Function and pressure in a centrifugal fan

Axial (propeller, turbine) fans produce much flow, but also noise, and typically give nowhere near enough pressure for an organ. We dismiss this fan type from the discussion and concentrate on the centrifugal fan in which a housing encloses a rotating impeller with vanes. The housing has an air intake near the hub of  the impeller and an output port near its periphery.

These vanes make the air follow the impeller rotation such that air is pressed toward the periphery by centrifugal force. Based on the basic centrifugal force formula G = m ω2 r (force G, mass m, angular speed ω, radius r) you can set up an integral for the pressure buildup from impeller hub out to perihery. Omitting tedious computational detail the integrated result comes out as a pressure Pc = ρ s2 / 2 (air density ρ, impeller periphery speed s). Now, additional to this pressure rise, the air in the housing outside the impeller also has received a tangential speed of the same magnitude s. If you block the fan output such that there is no airflow, this stagnation invokes an additional pressure rise of about the same magnitude Pc, but this time because of the Bernoulli relation between speed and dynamic pressure, see below.

The approximate rule-of-thumb result is that the pressure produced at zero flow is 2Pc = ρ s2. This very simple formula is shown in Fig 1 where s is derived from impeller diameter and rotational speed.

fan pressure vs speed and diameter
The vertical scale is for the benchmark static pressure obtainable from a single centrifugal fan, given rotation speed and impeller diameter.

Pressure is proportional to impeller diameter squared

Pressure is proportional to impeller RPM squared

This is the stagnation pressure you can expect from a centrifugal fan, the pressure when output is blocked and no flow is taken out. A first point is that this pressure is linked to the diameter of the impeller and its rotation speed. Engineering inventions like shaping the rotor blades can change it to some degree from the indicated value, but not very radically. Textbook knowledge says that forward swept blades increase pressure, backward swept lower it when flow increases in the low flow region.

If you limit diameter (to keep space down) and speed (to keep noise down) the only remaining option to elevate pressure is to put two or more fans in cascade, one driving the next. Unless you use a belt drive, with common AC motors there are normally only two options for the speed, either 'low' 1400/1700 or 'high' 2800/3400 RPM, depending on motor design and whether you have 50/60 Hz mains.

Dynamic pressure

Because of its formal likeness we may at this point recall the concept of dynamic pressure. This is one of the terms of Bernoulli's equation, which is essentially an equation of energy conservation for a fluid in motion. The dynamic pressure is equal to the difference between the stagnation pressure and the static pressure. Static pressure can be identified for every point in a body of fluid, regardless of whether the fluid is in motion or not. It can be measured using an aneroid, a U manometer water column, or various other methods.

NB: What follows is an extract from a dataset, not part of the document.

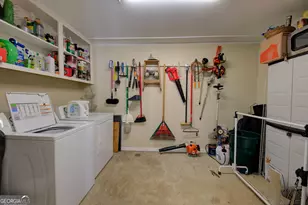 263 Seabrook Ln, Clayton, GA 30525 - Photo 25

The fundamental Bernoulli law tells the dynamic pressure in relation to air speed:
Pd = ρ*v2/2 = ρ*(U/A)2/2,       where
Pd is the dynamic pressure in Pa = N/m2,
ρ is the density of air, ρ = 1.2 kg/m3,
v is the linear air speed in m/s, which in turn can be written as U/A, with
U being the flow rate in m3/s streaming through an area A in m2.

One application of this law is that it tells at what speed v and flow U air that will emerge from an open area A in the wall of a container holding the pressure Pd. For instance, this tells speed and consumption in the air jet that excites an organ flue pipe. These and related quantities are illustrated in the diagram of fig 2.

Another application relates to the stagnation pressure delivered by a centrifugal fan when its output is blocked, as mentioned above.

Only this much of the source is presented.